RECORDED DATA |
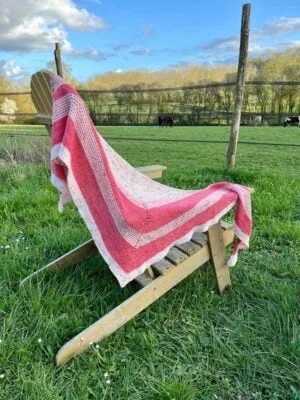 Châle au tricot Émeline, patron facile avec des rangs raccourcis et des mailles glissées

* * *

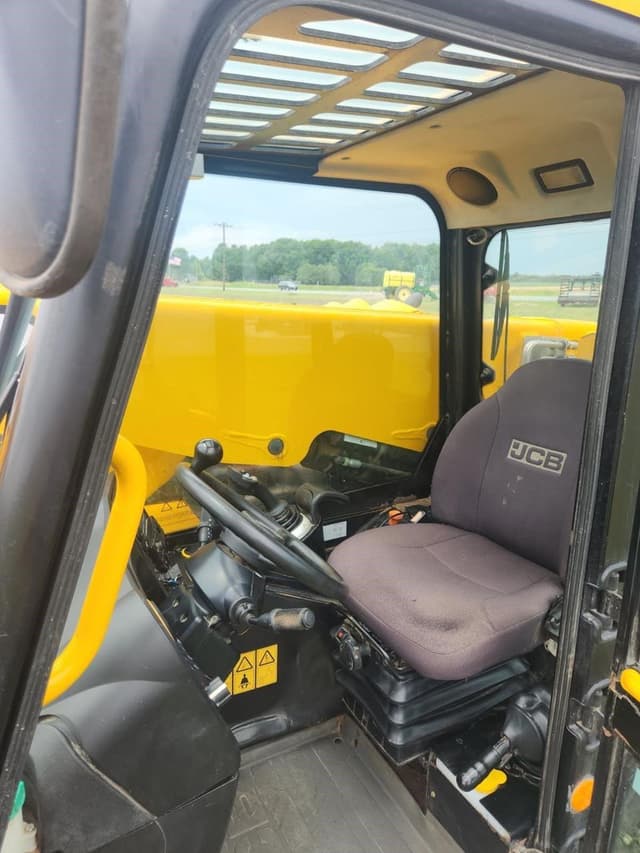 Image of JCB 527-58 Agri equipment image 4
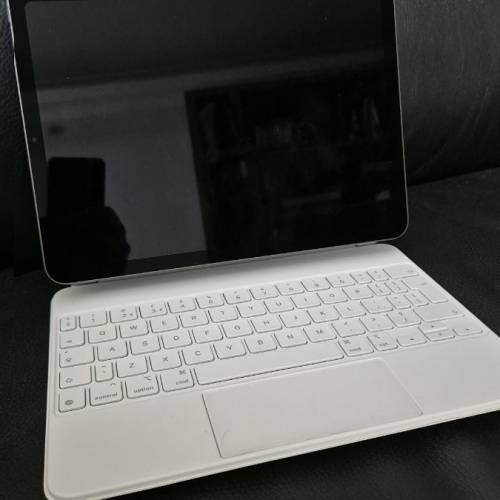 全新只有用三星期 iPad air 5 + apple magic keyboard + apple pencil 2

--

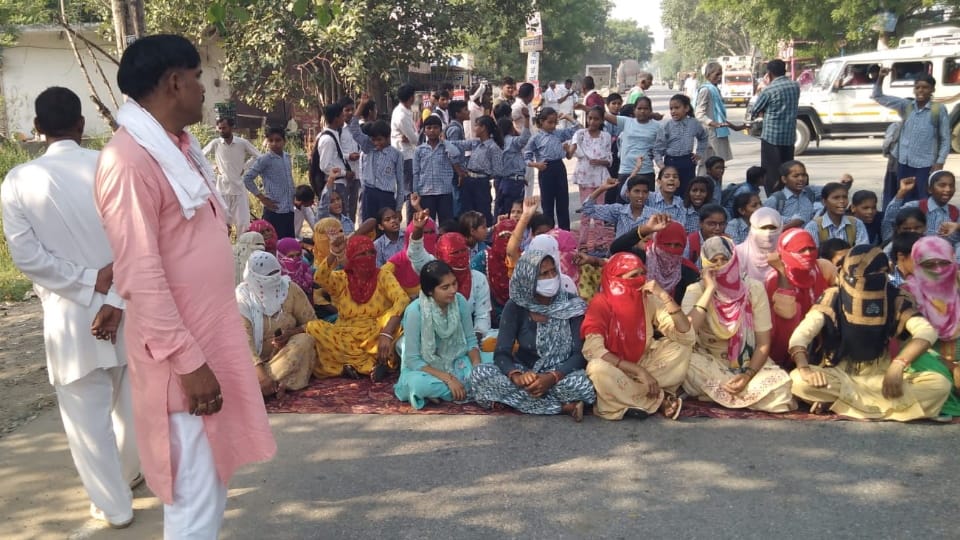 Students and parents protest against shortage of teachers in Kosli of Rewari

EXERCISE AIM |
Your reply is to be an exact repeat of the listing above from the line holding "Image of JCB 527-58 Agri equipment image 4" down to the line holding "全新只有用三星期 iPad air", ends included, pictures excluded.

WRITTEN RESPONSE |
 Image of JCB 527-58 Agri equipment image 4
 全新只有用三星期 iPad air 5 + apple magic keyboard + apple pencil 2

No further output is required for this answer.